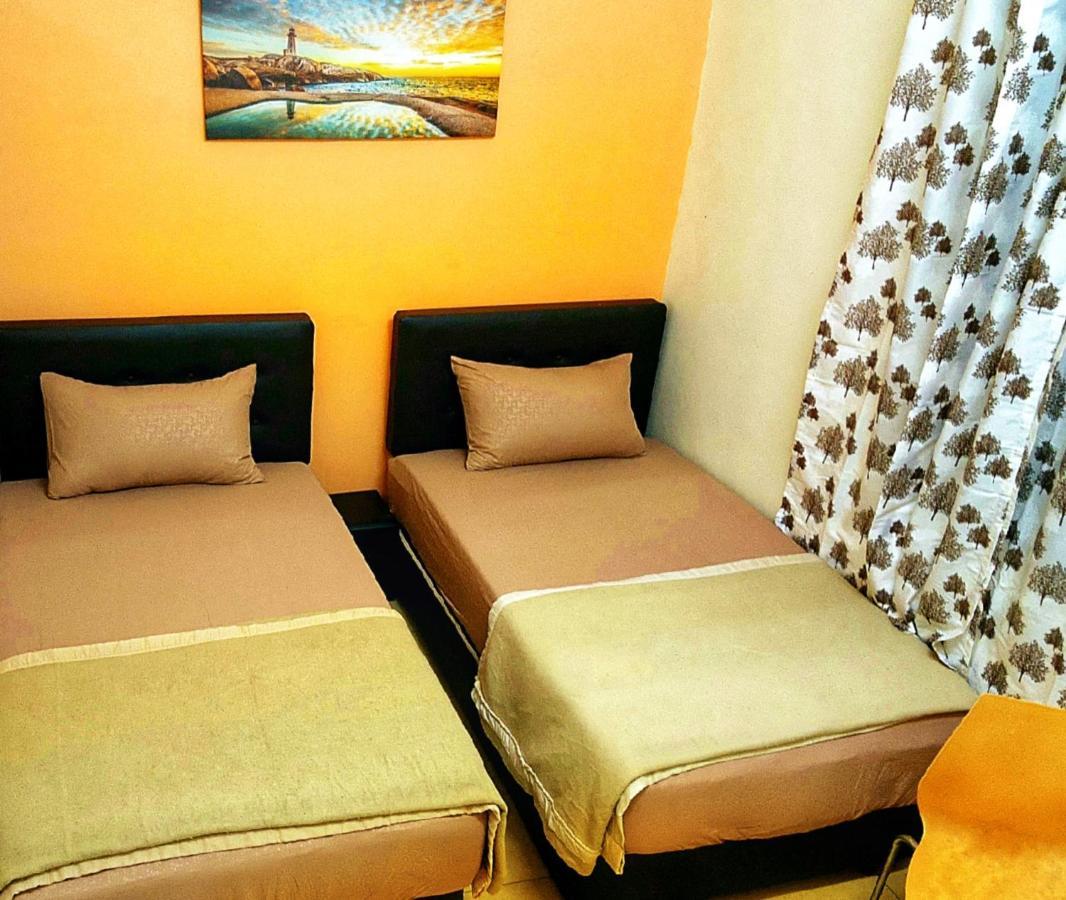 Staylena Klebang Melaka Homestay - Musliem Unit Екстериор снимка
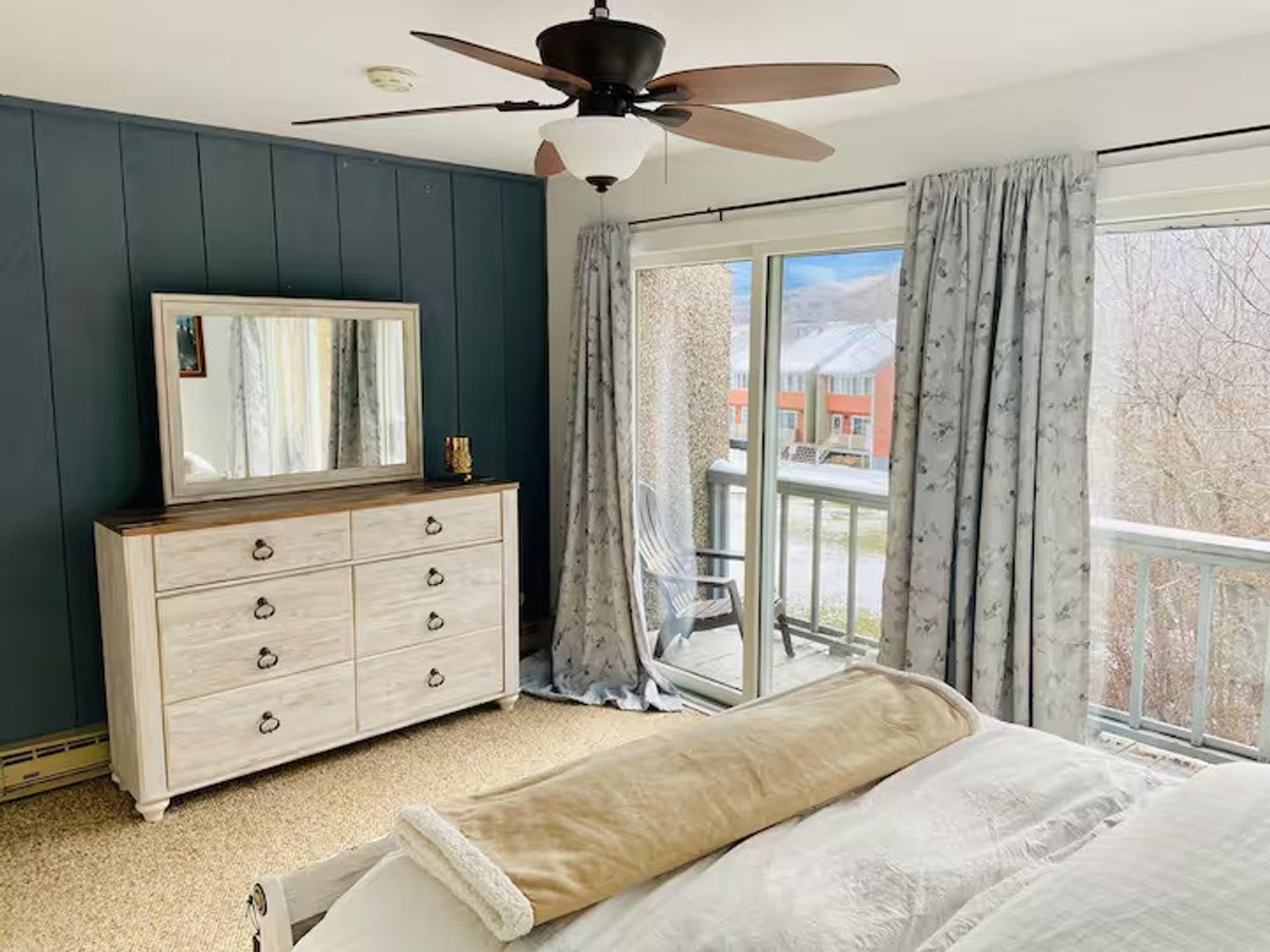 Charming 3BR Townhome in Hunter – photo 5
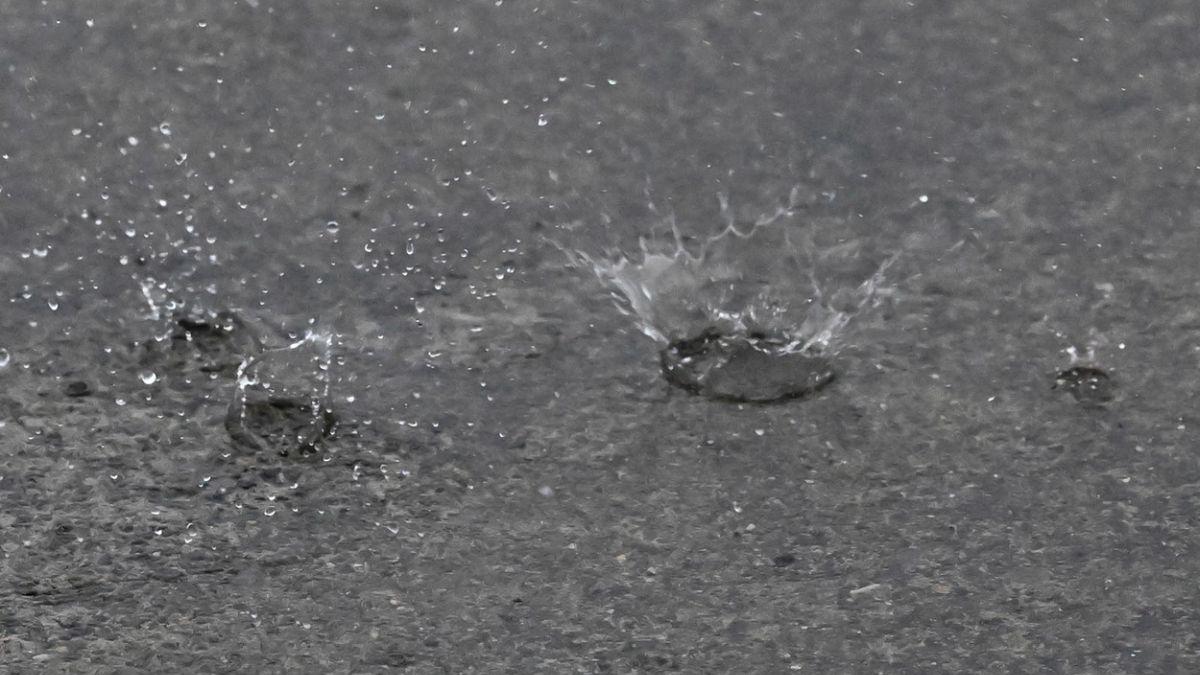 Ploile se întorc și cuprind mai multe zone ale țării! Meteorolog: ”Furtuni violente, ploi torențiale, vijelii și căderi de grindină”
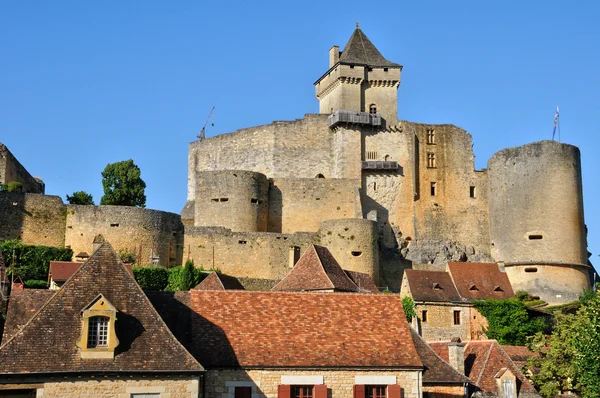 Frankrike, pittoreska slottet av castelnaud i dordogne — Stockfoto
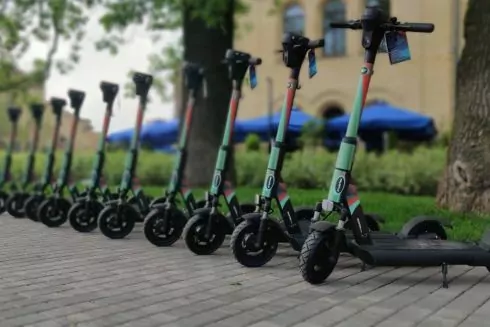 У Києві запустили новий сервіс оренди електросамокатів та мопедів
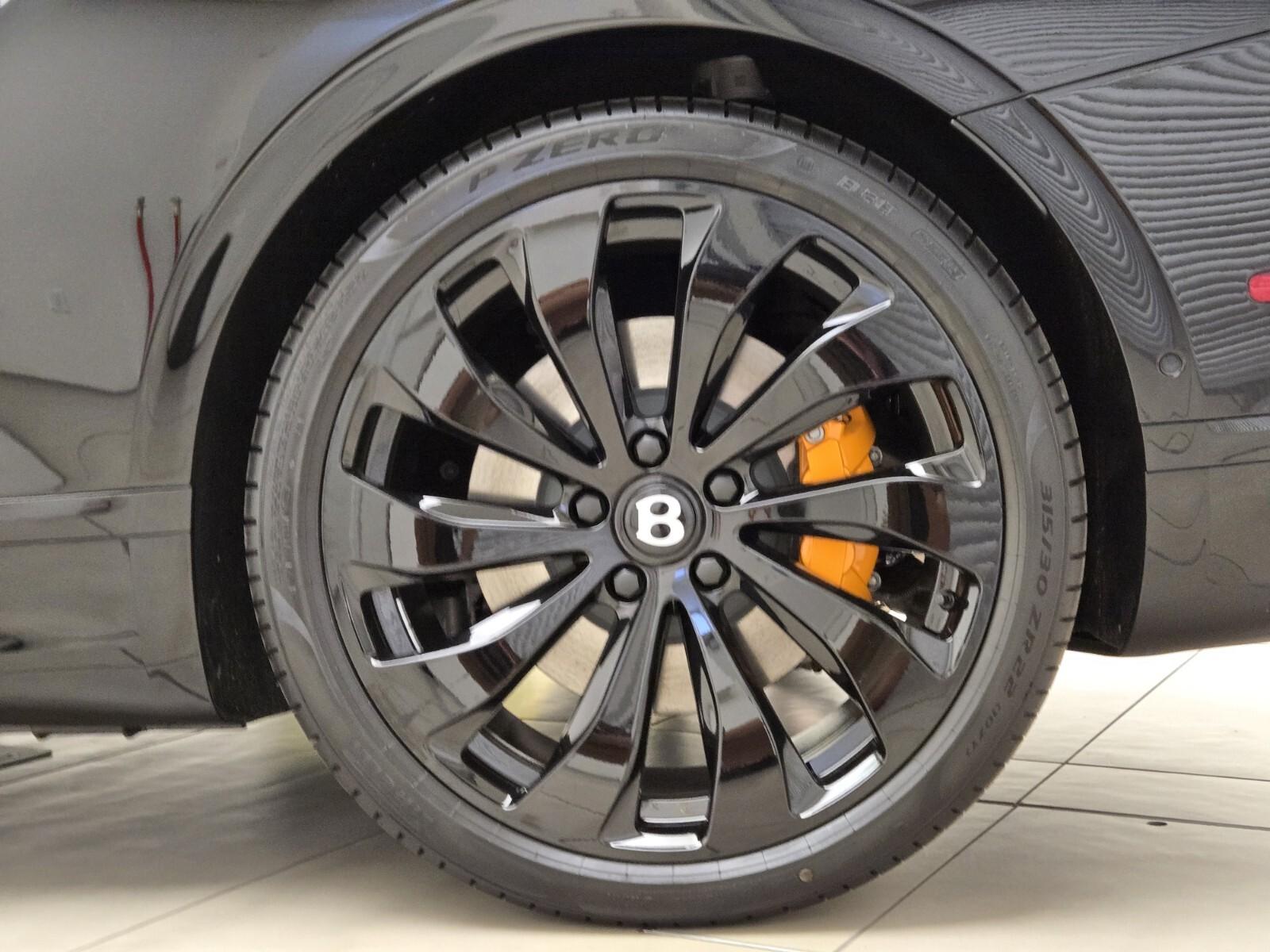2025 Bentley Continental GT Black Edition photo 15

:::

**DIRECTIONS:** With pictures left out, repeat exactly the lines from the line bearing "Frankrike, pittoreska slottet" through the final line of the records above.

**SOLUTION TO THE PROBLEM:**
 Frankrike, pittoreska slottet av castelnaud i dordogne — Stockfoto
 У Києві запустили новий сервіс оренди електросамокатів та мопедів
2025 Bentley Continental GT Black Edition photo 15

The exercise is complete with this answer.